The official residence for the governor is located in Odesa. Due to the current Russo-Ukrainian war, since 24 February 2022, the governor of Odesa Oblast is officially called Head of the Odesa Regional Military Administration.

==Governors==
===Representatives of the President===
- Valentyn Symonenko (1992)
- Vladlen Ilyin (1992–1994)
- post eliminated, functions performed by the head of the executive committee ex officio (1994–1995)

===Heads of the Administration===
- Rouslan Bodelan (1995–1998)
- Serhiy Hrynevetsky (1998–2005)
- Vasyl Tsushko (2005–2006)
- Borys Zvyahintsev (2006) (acting)
- Ivan Plachkov (2006–2007)
- Mykola Serdyuk (2007–2010) (Note: Acting to December 6, 2007)

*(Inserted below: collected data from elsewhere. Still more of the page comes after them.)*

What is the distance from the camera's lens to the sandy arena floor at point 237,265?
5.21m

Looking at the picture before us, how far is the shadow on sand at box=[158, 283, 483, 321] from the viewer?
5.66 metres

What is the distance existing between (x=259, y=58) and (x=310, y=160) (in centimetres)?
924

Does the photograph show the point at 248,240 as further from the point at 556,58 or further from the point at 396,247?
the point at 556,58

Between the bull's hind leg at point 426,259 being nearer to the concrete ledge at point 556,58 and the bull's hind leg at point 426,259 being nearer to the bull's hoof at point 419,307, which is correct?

- Eduard Matviychuk (2010–2013)
- Mykola Skoryk (2013–2014)
- Volodymyr Nemyrovsky (2014)
- Ihor Palytsia (2014–2015)
- Mikheil Saakashvili (2015–2016)
- Solomiia Bobrovska (2016–2017) (acting)

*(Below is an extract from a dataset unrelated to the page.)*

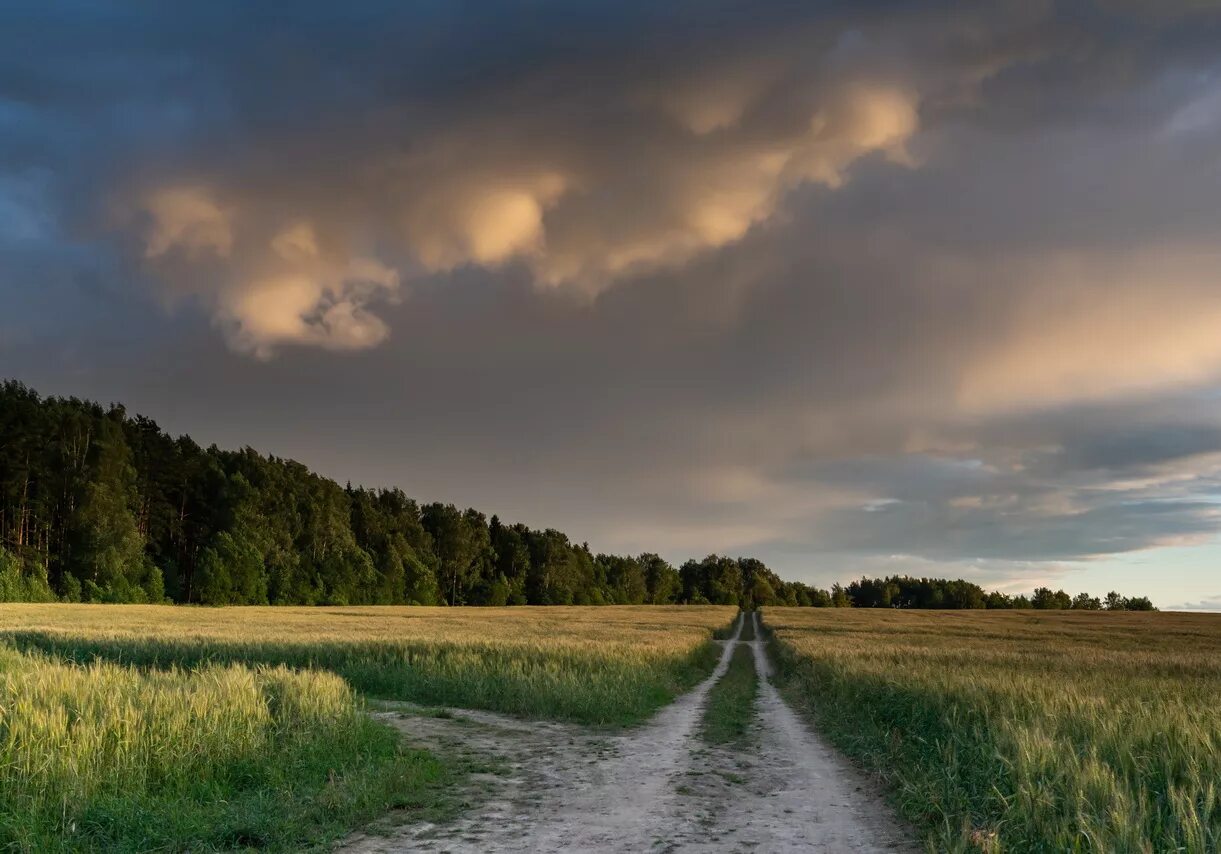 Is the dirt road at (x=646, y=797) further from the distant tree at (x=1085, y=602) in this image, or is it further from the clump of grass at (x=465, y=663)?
the distant tree at (x=1085, y=602)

- Maksym Stepanov (2017–2019)
- Serhiy Paraschenko (acting since 6 April to 11 June 2019)
- Svitlana Shatalova (acting since 14 June to 11 October 2019)
- Maksym Kutsyi (2019–2020)
- Vyacheslav Ovechkin (acting from 10 November 2020 to 27 November 2020)
- Serhiy Hrynevetsky (2020–2022)
- Heads of military administration
- Maksym Marchenko (2 March 2022–15 March 2023) (Note: Marchenko was appointed on the seventh day of the 2022 Russian invasion of Ukraine.)